Siti menyuarakan jeritan 35.000 warga di Kabupaten Indragiri Hulu dan Pelalawan, Provinsi Riau, yang kini terancam kehilangan tanah dan sumber penghidupan. Ia menggambarkan situasi masyarakat yang menangis, lemah, dan tertindas dihadapkan pada kemiskinan mendadak, kelaparan, potensi putus sekolah, kehilangan tempat tinggal, hingga krisis sosial dan psikologis yang mendalam.
“Kami di sini bukan hanya sebagai wakil rakyat, tetapi sebagai suara mereka yang selama ini terpinggirkan.
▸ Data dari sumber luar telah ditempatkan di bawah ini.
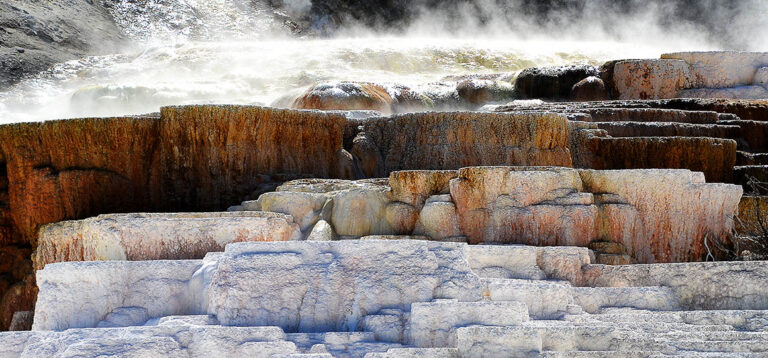 Naturspektakel Deluxe: Mammoth Hot Springs, Bisons & der Grand Canyon of Yellowstone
Mereka yang sering dicap sebagai perambah hutan atau pelanggar hukum. Padahal mereka bukan perusahaan, mereka adalah bagian dari sejarah kawasan itu sendiri.”
Siti Esa menekankan bahwa sebelum kawasan itu ditetapkan sebagai taman nasional, masyarakat telah lebih dahulu tinggal dan membangun kehidupan secara sah dengan KTP, sekolah, rumah ibadah, hingga surat-surat penguasaan lahan, termasuk dari tokoh adat, kepala desa, serta sertifikat resmi dari Badan Pertanahan Nasional (BPN). Bahkan, terdapat putusan pengadilan yang berkekuatan hukum tetap yang mengakui tanah tersebut sebagai milik rakyat.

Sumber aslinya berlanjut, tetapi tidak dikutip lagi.